A child flies a kite at a height of 90 ft , the wind carrying the kite horizontally away from the child at a rate of \( 30 \mathrm{ft} / \mathrm{sec} \). How fast must the child let out the string when the kite is 150 ft away from the child? The child must let out the string at a rate of \( \square \mathrm{ft} / \mathrm{sec} \) when the kite is 150 ft away from the child. (Simplify your answer.)

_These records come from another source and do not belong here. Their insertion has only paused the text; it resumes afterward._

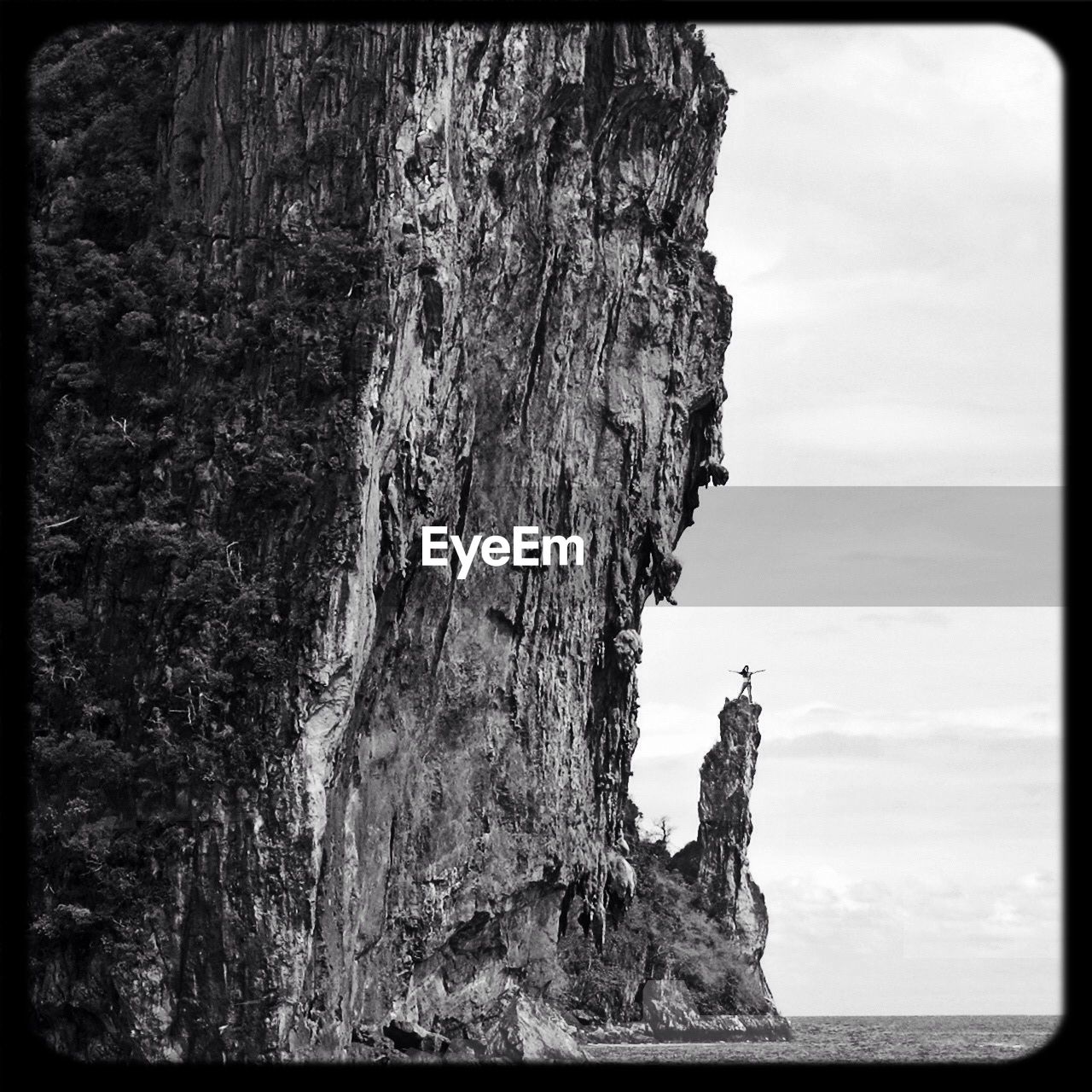 Woman standing on rock by the sea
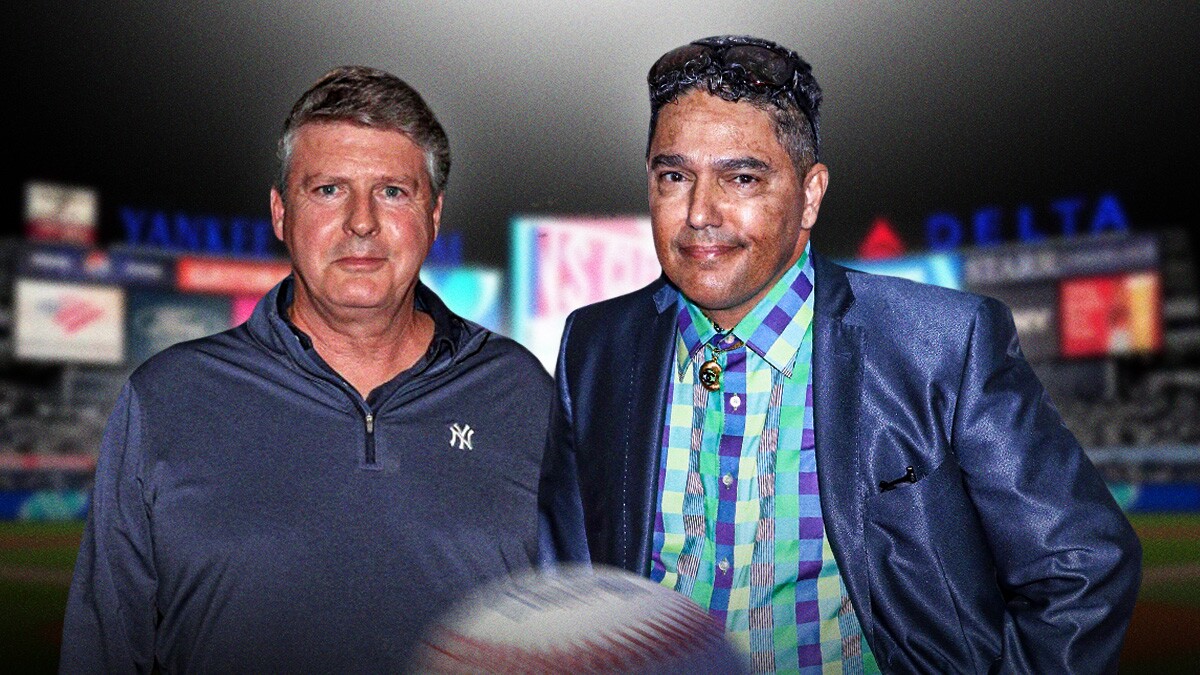 Nick Turturro next to Yankees executive Hal Steinbrenner in front of Yankee Stadium.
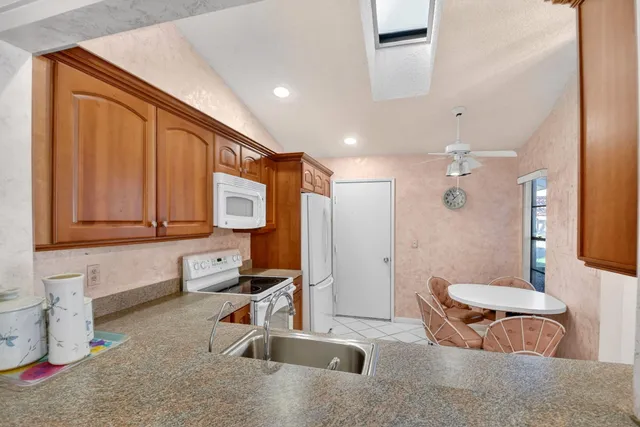 a kitchen with stainless steel appliances granite countertop a refrigerator sink and stove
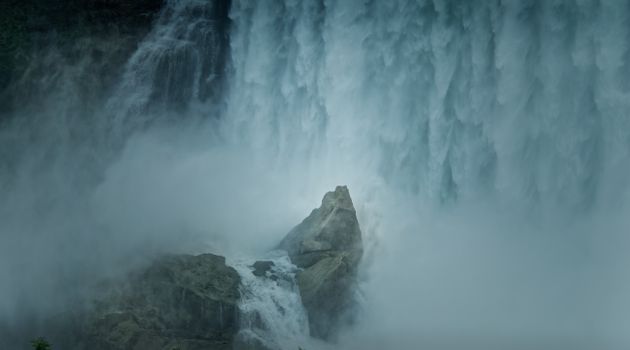 Explore the powerful waterfall cascading with mist in Toronto, Canada, a natural wonder captured in serene detail.
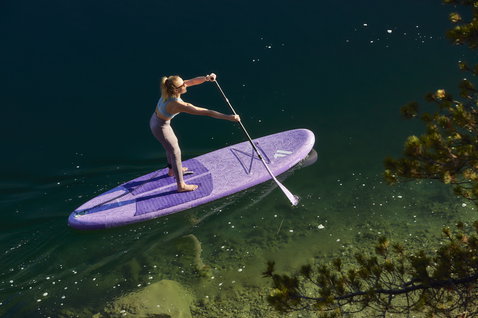 Fanatic Diamond Air Pocket inflatable SUP board 10'4" in purple during stand up paddling on an alpine lake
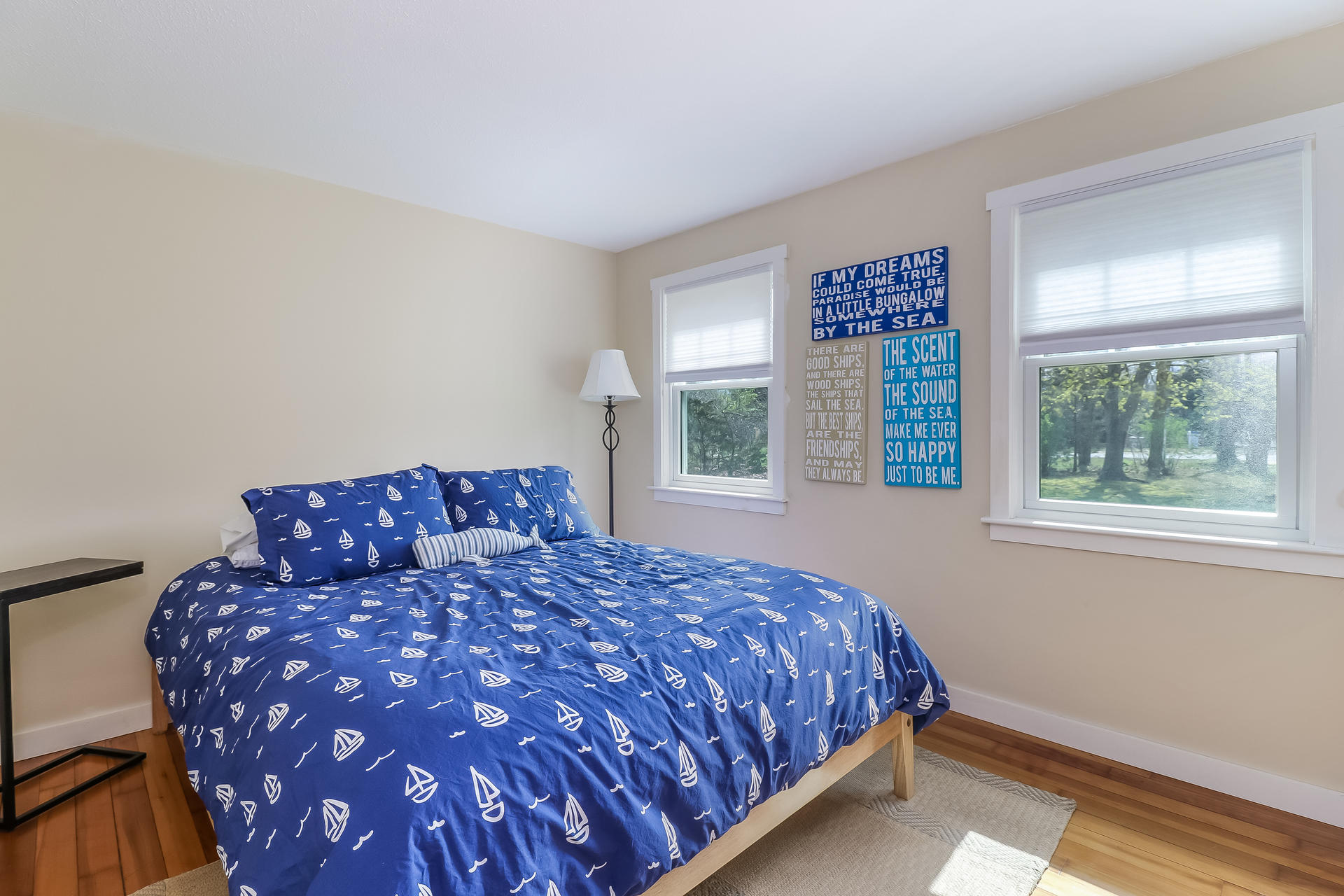50 Oak Ridge Road Eastham, MA 02642 - Photo 13 of 20 a large bed sitting in a bedroom next to a window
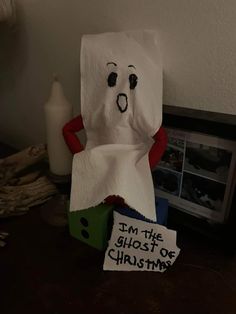 a toilet paper bag sitting on top of a table next to a sign that says i'm the ghost of christmas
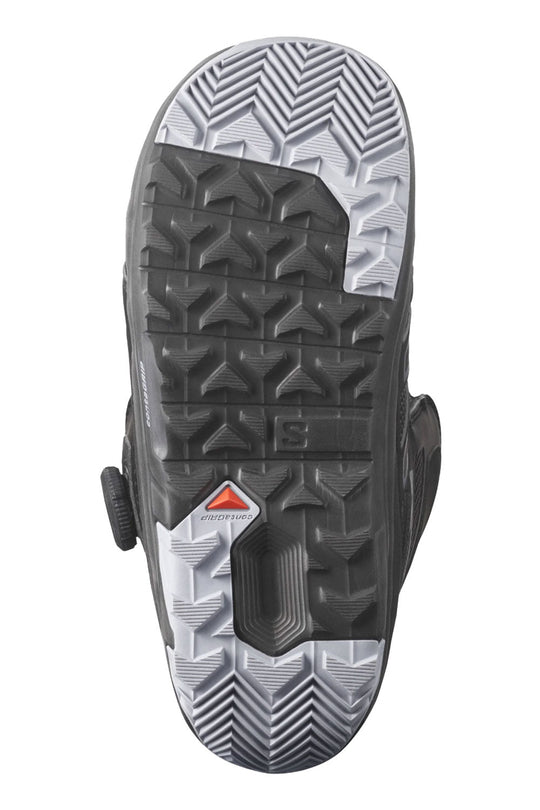 Close-up of a snowboard boot sole with tread pattern and brand logo on a white background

To solve this problem, we can use the Pythagorean theorem. Let \( x \) be the horizontal distance from the child to the kite, \( y \) be the height of the kite (90 ft), and \( s \) be the length of the string. According to the Pythagorean theorem: \[ s^2 = x^2 + y^2 \] Given that the height \( y \) is constant at 90 ft, we know that when the kite is 150 ft away from the child, \( x \) can be calculated as: \[ s = \sqrt{x^2 + y^2} = \sqrt{x^2 + 90^2} \] Here, we know the total distance from the child to the kite is 150 ft, so: \[ x^2 + 90^2 = 150^2 \] Calculating this gives: \[ x^2 + 8100 = 22500 \implies x^2 = 14400 \implies x = 120 \text{ ft} \] Now, we differentiate both sides with respect to time \( t \): \[ 2s \frac{ds}{dt} = 2x \frac{dx}{dt} + 2y \frac{dy}{dt} \] Since the height \( y = 90 \text{ ft} \) is constant, \( \frac{dy}{dt} = 0 \). Given \( \frac{dx}{dt} = 30 \text{ ft/sec} \), we substitute: \[ 2s \frac{ds}{dt} = 2x \frac{dx}{dt} \] Substituting \( x = 120 \) ft to find \( s \): \[ s = \sqrt{120^2 + 90^2} = \sqrt{14400 + 8100} = \sqrt{22500} = 150 \text{ ft} \] Now we have: \[ 2(150) \frac{ds}{dt} = 2(120)(30) \] This simplifies to: \[ 300 \frac{ds}{dt} = 7200 \] Dividing both sides by 300: \[ \frac{ds}{dt} = \frac{7200}{300} = 24 \text{ ft/sec} \] Thus, the child must let out the string at a rate of \( 24 \text{ ft/sec} \) when the kite is 150 ft away from the child.